La città, vista nel suo aspetto quotidiano e attuale, ma soprattutto nel suo valore simbolico, legato ad un passato più o meno illustre. È questo il tema conduttore di "Metropolis" (1981), quasi un concept-album, uscito con circa dieci anni di ritardo sulla moda dei dischi "a tema". Ma si sa che Guccini da quarant'anni delle mode se ne sbatte allegramente ("ne abbiam visti geni e maghi uscire a frotte per scomparire. . . "), ed è proprio questo che gli ha consentito di essere credibile e attuale per una vita intera, sia pure con qualche recente e inevitabile segno di stanchezza."Metropolis" è un ottimo disco, appena macchiato da due brani in tono minore.

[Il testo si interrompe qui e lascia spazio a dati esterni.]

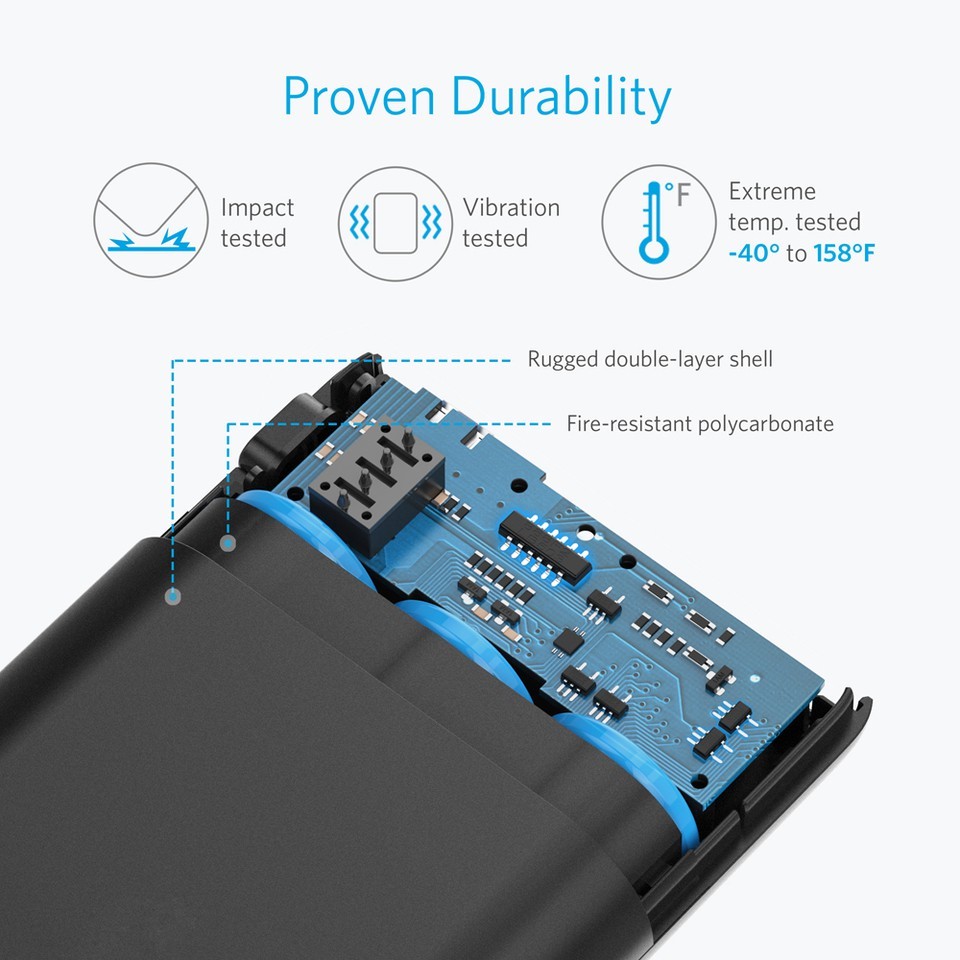 Pin sạc dự phòng ANKER PowerCore 10000mAh - A1263 Hãng phân phối chính thức
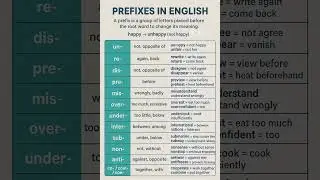 Prefixes -In, UN, Anti, Over, com, co, bi in English grammar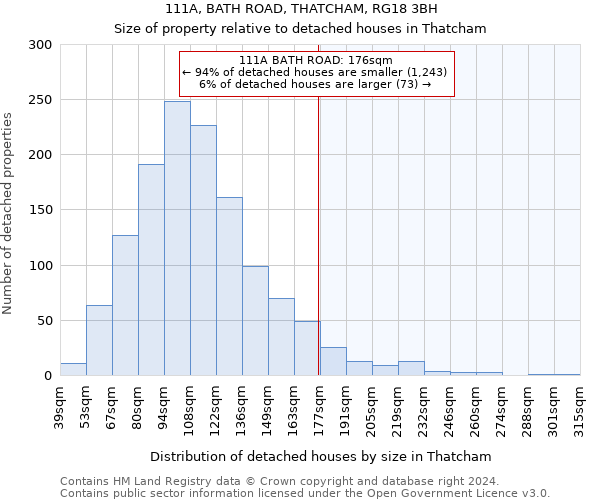 111A, BATH ROAD, THATCHAM, RG18 3BH: Size of property relative to detached houses in Thatcham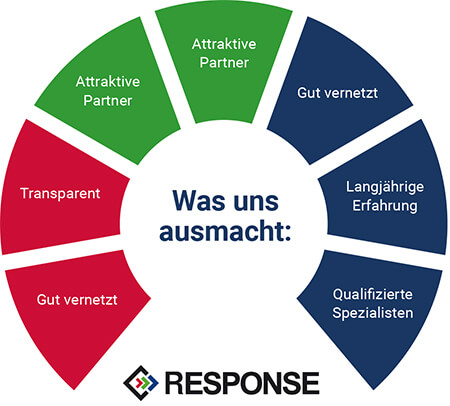 Shopware 6 Agentur RESPONSE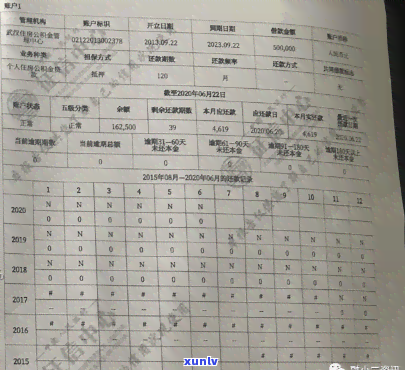 北银消费逾期多久消除？影响及恢复时间解析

È anche un discreto passo avanti nella lunga e faticosa evoluzione musicale del cantastorie di Pàvana, anche se da questo punto di vista è più decisivo "Signora Bovary". Un po' sono i musicisti che accompagnano Guccini che migliorano il loro affiatamento disco dopo disco, un po' è la presenza del folle ma geniale chitarrista Jimmy Villotti, noto per il suo fantasioso apporto alla storica band di Paolo Conte, fatto sta che il suono di questo disco è più curato e gradevole rispetto ai precedenti, "Amerigo" compreso.

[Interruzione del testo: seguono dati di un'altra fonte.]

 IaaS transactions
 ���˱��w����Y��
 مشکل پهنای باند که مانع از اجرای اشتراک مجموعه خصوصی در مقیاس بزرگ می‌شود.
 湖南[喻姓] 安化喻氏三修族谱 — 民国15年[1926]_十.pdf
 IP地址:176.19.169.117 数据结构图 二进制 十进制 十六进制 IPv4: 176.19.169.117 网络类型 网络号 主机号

L'inizio è fulminante: "Bisanzio" è in assoluto una delle migliori composizioni gucciniane di sempre. Prima di tutto ha un testo magnifico, pieno di metafore illuminanti, tali da incatenare l'ascoltatore e da coinvolgerlo nel profondo smarrimento del sapiente e mago Filemazio, che cerca di trarre un auspicio, un oroscopo, dall'osservazione degli astri come dall'osservazione della città di Bisanzio, "simbolo insondabile, segreto e ambiguo come questa vita" , città che non a caso si trova dove la terra "si perde dentro al mare fino quasi al niente, e poi ritorna terra e non è più Occidente", tanto per citare solo qualche verso dei più significativi. Come se non bastasse, a tutto ciò è abbinata una musica a dir poco ispirata, che offre suggestioni al tempo stesso antiche e misteriosamente orientaleggianti. Vero capolavoro, e non è da meno "Venezia", che (sorpresa) è solo in parte gucciniana, anche se lo sembra davvero al 100%. Sarà lo sguardo attento e commosso sulle due tristi vicende parallele, quella della città che muore a poco a poco e quella della giovane Stefania, che muore contemporaneamente di parto in un grande ospedale dando alla luce un bambino il cui destino sarà "comprare o smerciare Venezia". . . sarà quel tocco d'ironia che solo Guccini sa infilare anche in una storia così triste ("San Marco è senz'altro anche il nome di una pizzeria"). . . però la canzone è firmata Bigi-Guccini-Alloisio. L'ultimo dei tre è coautore anche della non memorabile "Milano (Poveri bimbi di)", dai concetti sicuramente condivisibili, sorretti però da un testo non troppo ispirato, oltre che da una musica insolitamente rock, ma piuttosto scontata. Definirei un brano minore anche "Black-out", che però almeno ha il pregio di associare ad una banale filastrocca un testo divertente e al tempo stesso significativo, la cui morale innnegabile è che certe "comodità" come la TV e altri elettrodomestici, se ci si pensa bene, non sono poi così indispensabili.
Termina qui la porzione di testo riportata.